Spectrum is the currency of the wireless network operators. Going back in history, most of the mergers and acquisitions were about spectrum—who had it and who needed it. Spectrum is a finite resource and while Congress and the FCC are trying to figure out the spectrum auction deals, the network operators need more spectrum. After blocking the AT&T/T-Mobile deal, today the Department of Justice said it would investigate the recent deals Verizon made with some of the major cable companies. As you might recall, Verizon bought these cable companies’ spectrum assets but it also set up a resale deal so the cable companies can resell on the Verizon network.
Congress should ask the cable operators why they were so willing to sell this spectrum. The answer is simple. They bought it at auction because wireless is the future. Then they ran the numbers and found out how expensive it would be to build out and operate their own networks, to come to terms with other networks for roaming agreements, and the marketing dollars it would take to compete. Based on this, a few continued with their existing deal to resell on the Sprint network and had little success. Cox was in and out of the Sprint resale deal within six months because the uptake of its service was disappointing and the phones it had available were not competitive with those of the larger or even regional network operators.
After the cable companies did the math it was obvious that they needed to bail out of the do-it-yourself wireless network business. Verizon wanted the spectrum and offered the cable operators cash for the spectrum plus the ability to resell on the Verizon network, which, I assume, also means a lot more phones and other devices will be available through the cable operators. In my opinion the deal makes sense all around. It is a market-driven deal and should stand as made.
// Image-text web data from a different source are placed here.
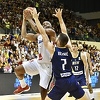 Košarkaši BiH spektakularno pobijedili moćnu Francusku i zadržali šanse za Mundobasket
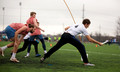 Men's Placement - Goaltimate Nationals 2018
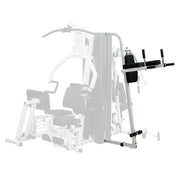 Vertical Knee Raise For Exm3000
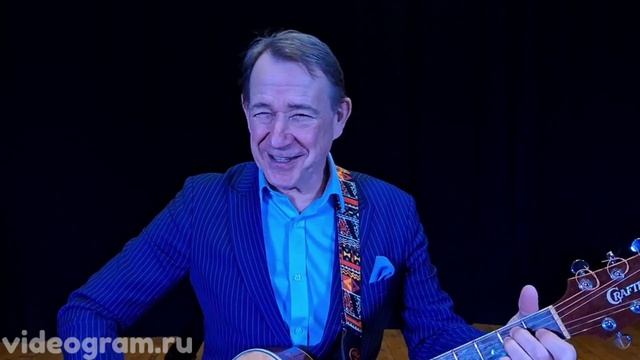 Личное видеопоздравление от Валерия Пономаренко https://videogram.ru/ponomarenko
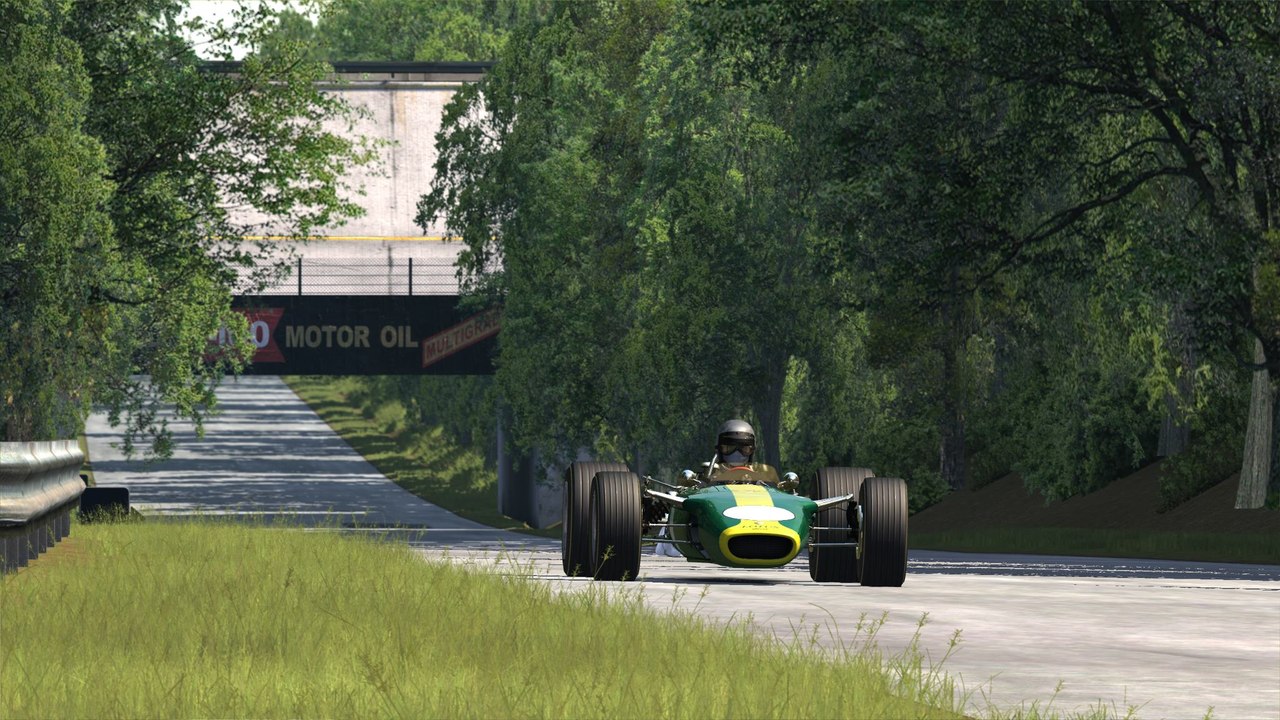 Assetto Corsa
In the United States we pay some of the lowest prices for both wireless voice and broadband services. Our coverage has improved, and both AT&T and Verizon have pledged to and are working at extending their networks or their reach with partnerships to cover more of rural America and the market-based approach to competition and services continues. There is a saying that “if it isn’t broken don’t fix it.” In this case, the wireless market in the United States is not broken so the government should be leaving it alone—not tweaking it or trying to fix it.